====== DATASET ======
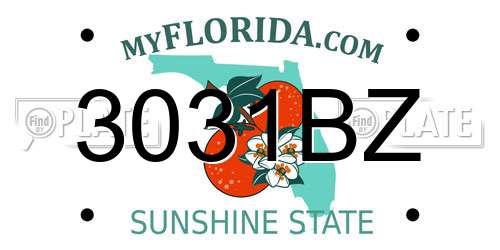 3031BZ Florida License Plate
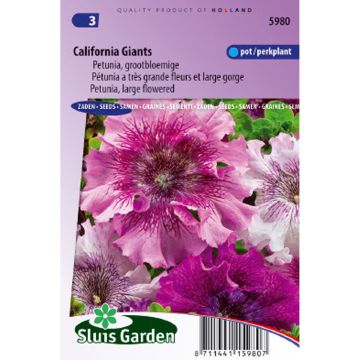 Tarhapetunia California Giants Mix (siemenet)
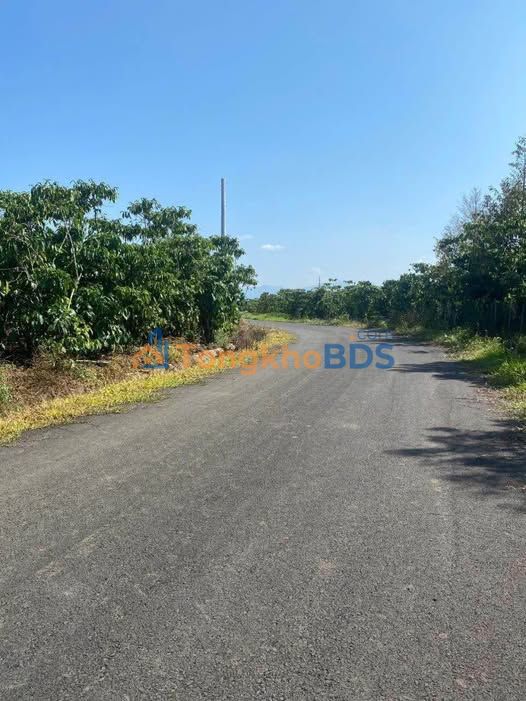 Đất nền hẻm Đoàn Thị Điểm Bảo Lộc 1908m² - Đường to ô tô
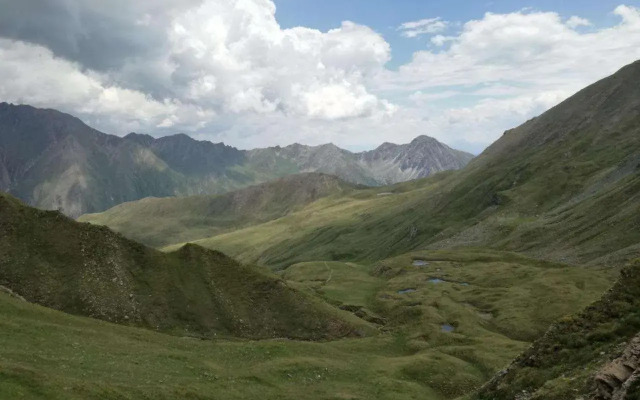 Montanaris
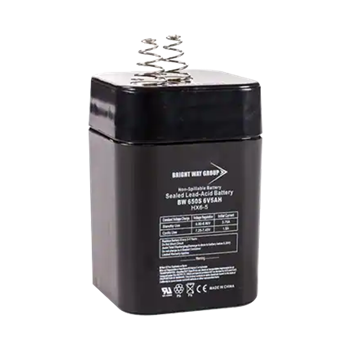 Bright Way Group BW650-SPRING 5Ah 6VDC AGM Sealed Lead Acid Battery
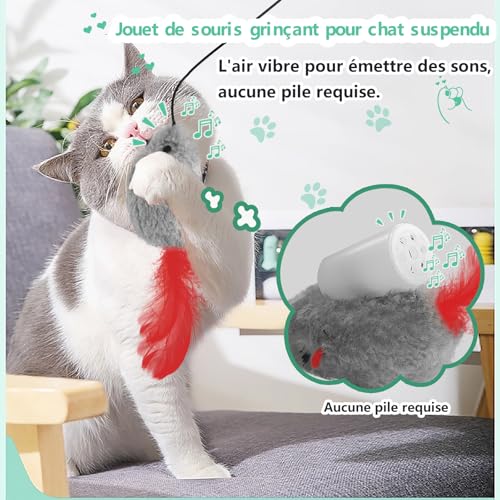 Detalle de FYNIGO - Pack de 2 Souris Suspendues Interactives pour Chat, Sans Piles, Corde Élastique et Plumage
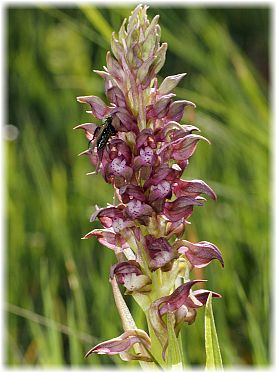 Orchis coriophora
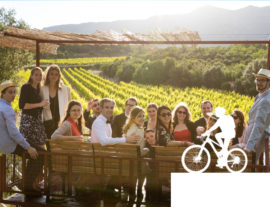 Balade Vins & Saveurs à vélo : Domaine Mas Brunet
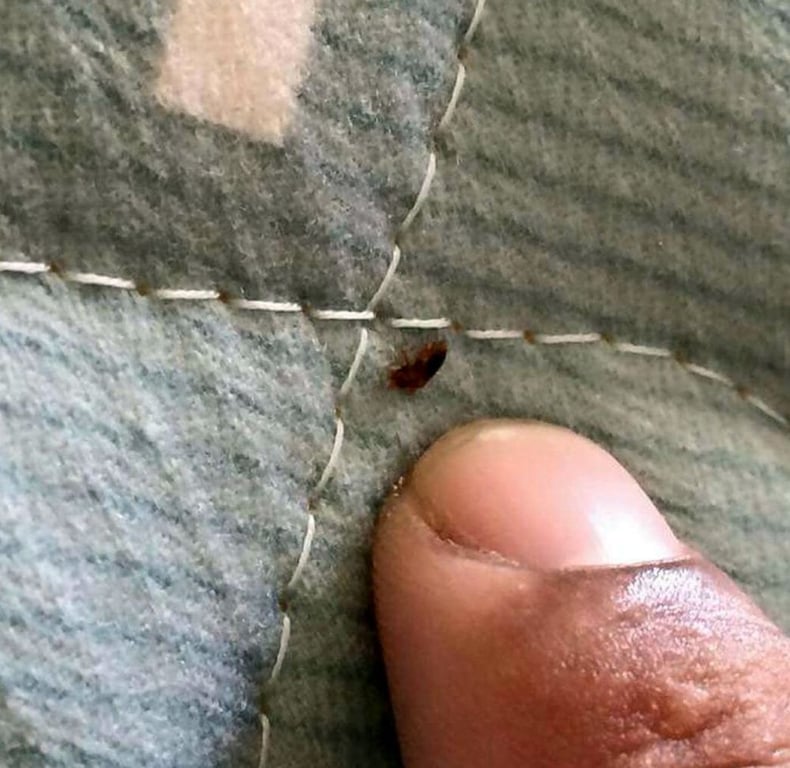 Deep Ellum Pest Services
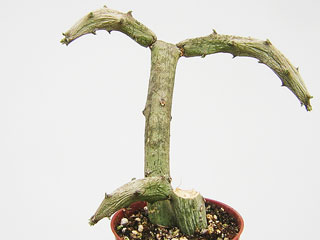 Ceropegia cimiciodora     - Pot  6 cm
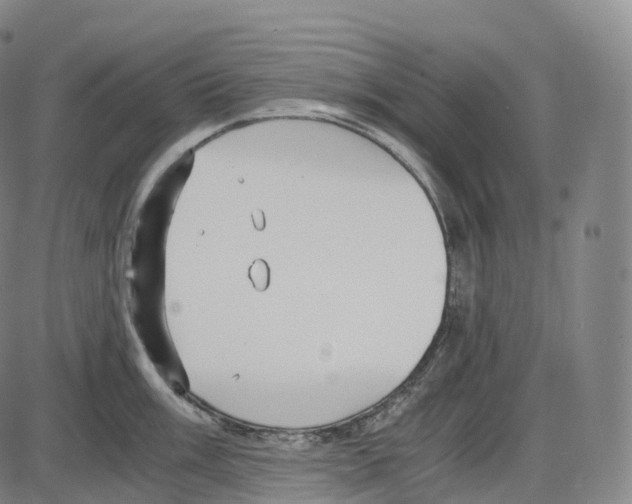 X0000083981003200703161552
======
• EXERCISE
Find "Detalle de FYNIGO" in the entries, then reproduce that line and each line after it exactly, through the last one. Pictures do not go in.

• EXERCISE ANSWER
 Detalle de FYNIGO - Pack de 2 Souris Suspendues Interactives pour Chat, Sans Piles, Corde Élastique et Plumage
 Orchis coriophora
 Balade Vins & Saveurs à vélo : Domaine Mas Brunet
 Deep Ellum Pest Services
 Ceropegia cimiciodora     - Pot  6 cm
 X0000083981003200703161552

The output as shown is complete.